When I first moved to Toronto in 2002, Massey College, a scholarly community at the University of Toronto, was my first home (and it still is my permanent address in Canada). I lived there for more than two years, during which time Dr. James Orbiski and his wife Rolie Srivastava were also living there.
They were both very active in the community, and always very willing to talk to the less famous members of the College such as myself. But I, in my immense timidity, had never in these almost seven years had the courage to do more than exchange nods and smiles whenever I passed them.
I knew he was famous. I knew he was busy. I knew he had been in Rwanda during the genocide in 1994. I even suspected that he had won a Nobel prize, thought I wasn´t really sure about that, because in my mind it was simply too unlikely that I´d be sharing the same address as a Nobel prize winner.

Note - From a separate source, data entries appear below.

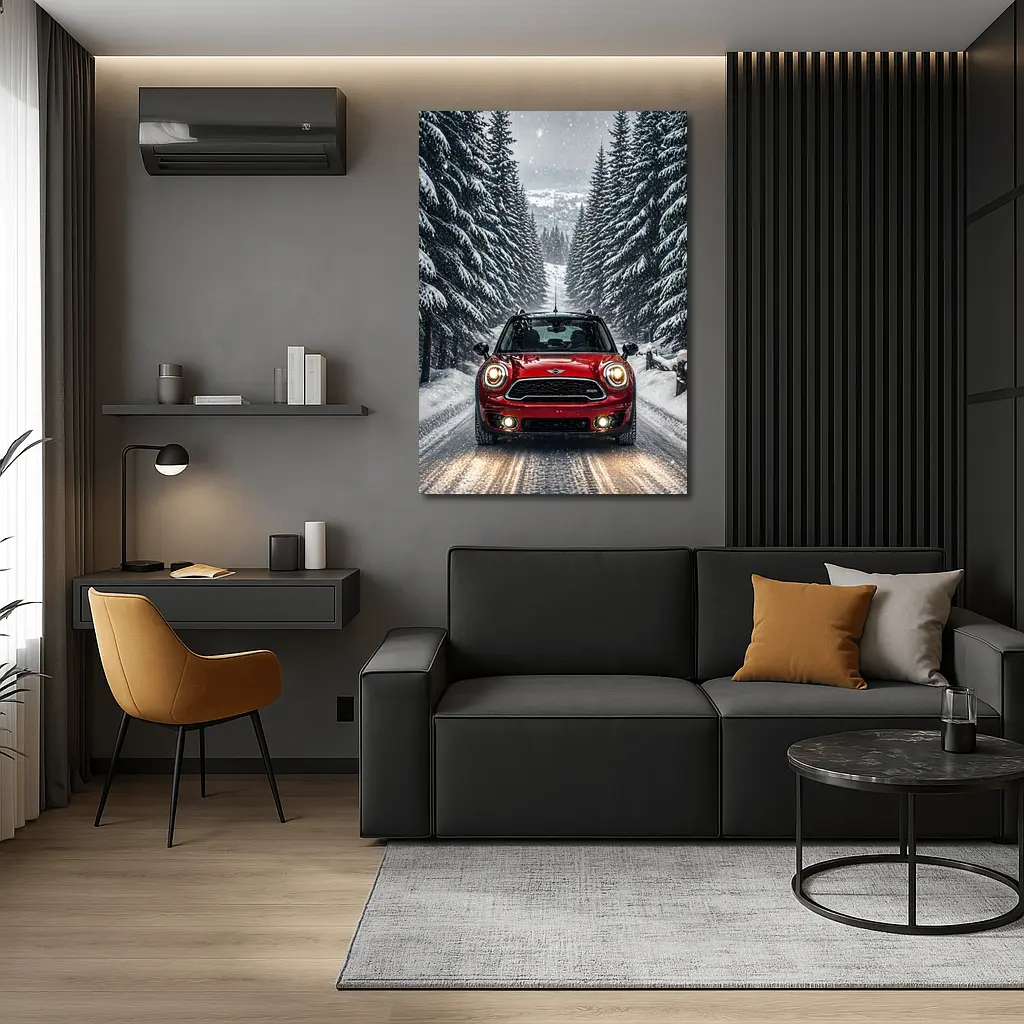 Mini Countryman Red SUV Snowy Forest Road – Wall Art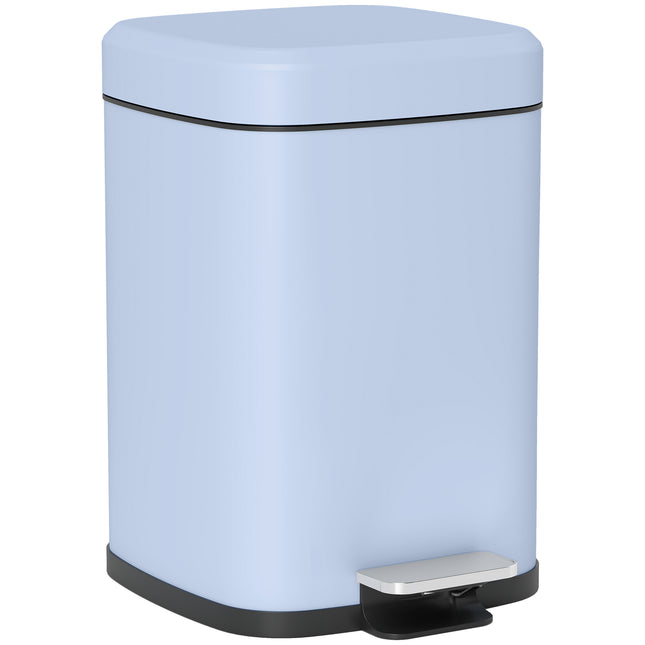 12L Modern Boxy Metal Kitchen Bin with Pedal - Light Blue
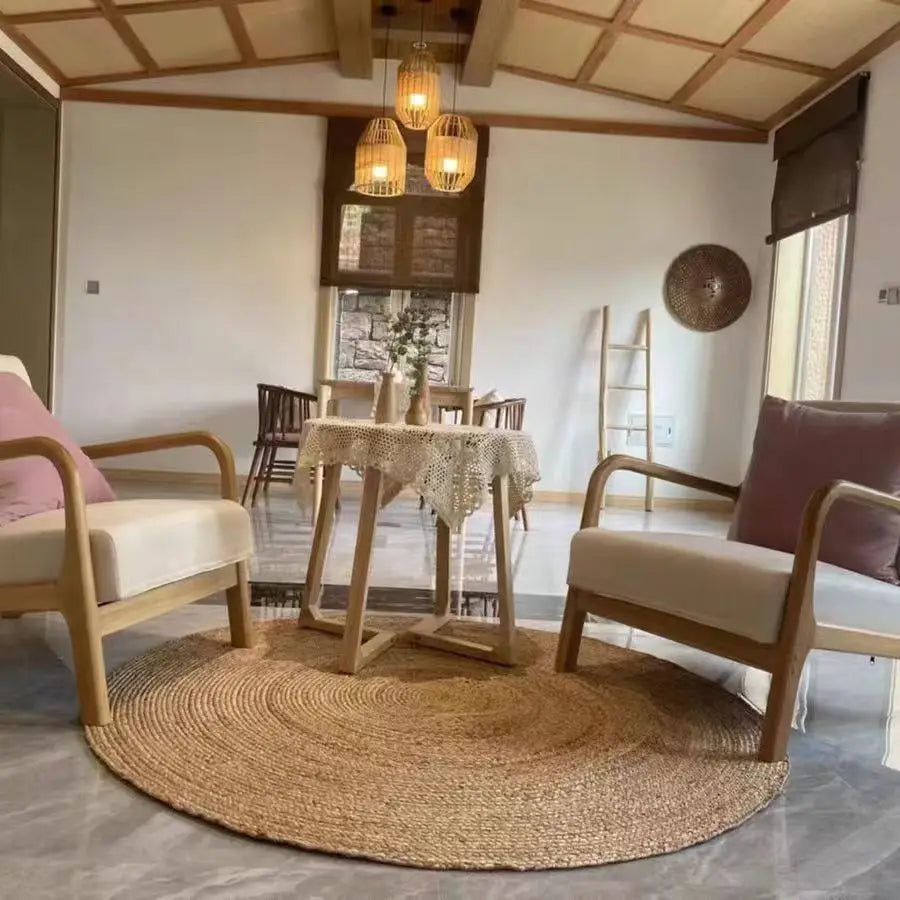 Tapis rond en jonc de mer tressé à la main, dossier de jute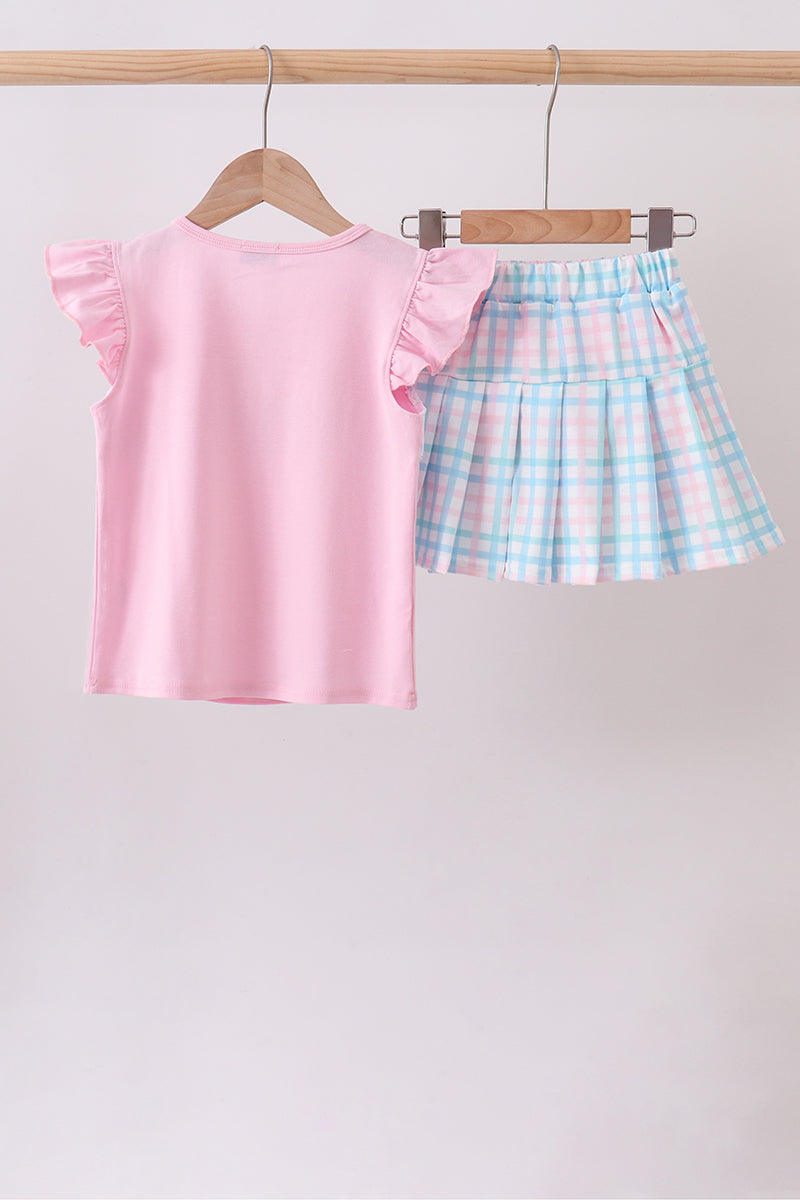 Pink Crocodile Smocked Skorts Set
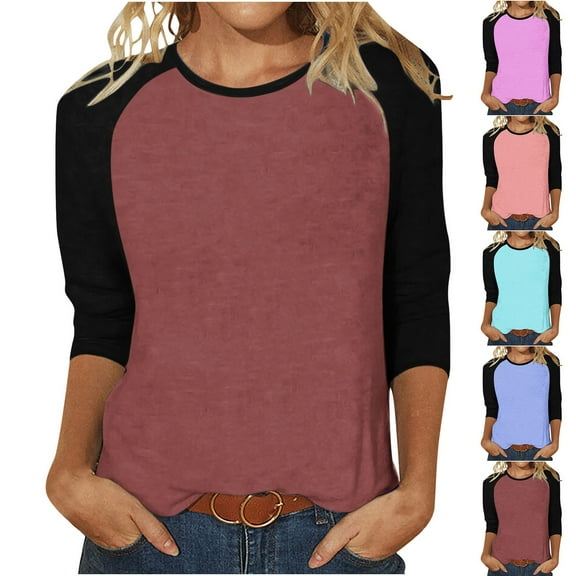 SEAOPEN 3/4 Length Sleeve Womens Tops Raglan Sleeve Baseball Tees Dressy Casual Crew Neck T Shirts Blue,L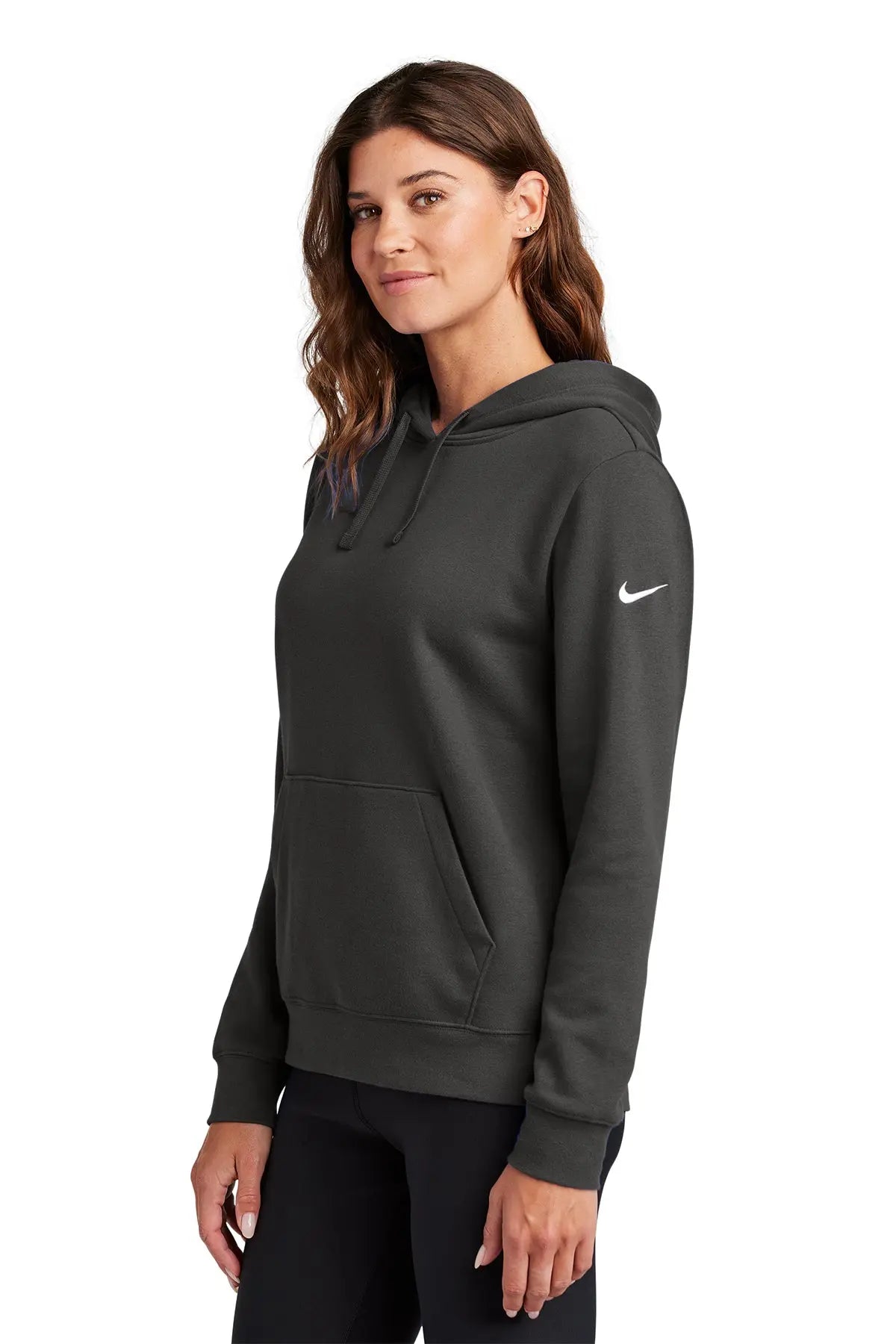 Nike Women's Club Fleece Sleeve Swoosh Pullover Hoodie #NKFD9889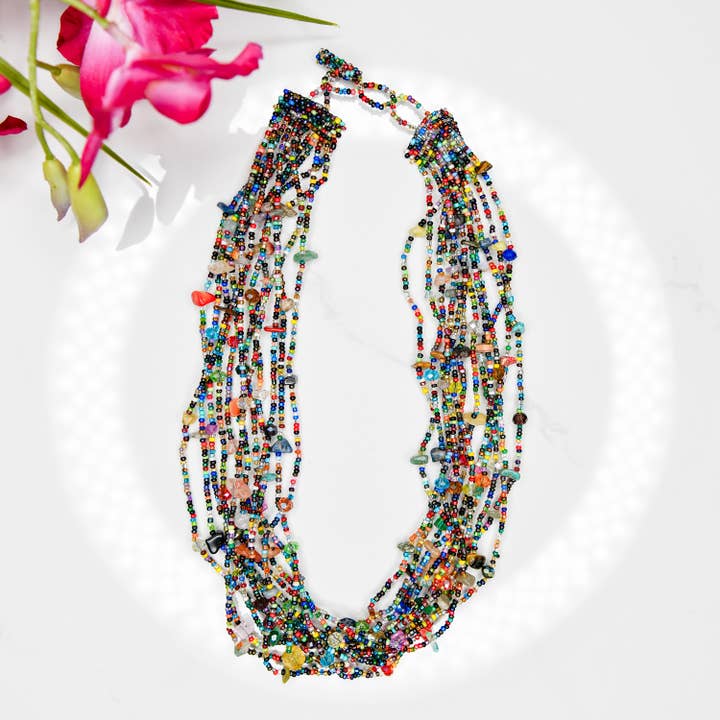 12 Strand Multi Rock Necklace for wholesale by Lucia's Imports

More than six years later, here I am in a cinema complex watching a documentary about my former neighbour Dr. James Orbinski. The familiar face and the familiar scenery gave me a sense of proximity that I had never experience in a movie theatre.
As the movie progressed the sense of “deja-vu” got more and more intense, but in a bizarre way: all of a sudden, I felt like I was watching “Blindness” all over again. Again, the punch in the stomach as I think of the awful things human beings are capable of when they know that “no one is looking.” Again, the sense of awe at the almost involuntary heroism of people who see themselves providing care to others in the most inhumane circumstances — not knowing whether they themselves would come out of the situation alive. I was trembling.
In a way, I was overwhelmed by the some of the same intense feelings that “Blindness” had provoked in me. But this time I couldn´t put them in a box, seal it and label it: “caused by a work of fiction taken too far.” Rwanda was no fiction. It happened. And I know someone who was there and survived to tell the tale.
I was in shock for days at end.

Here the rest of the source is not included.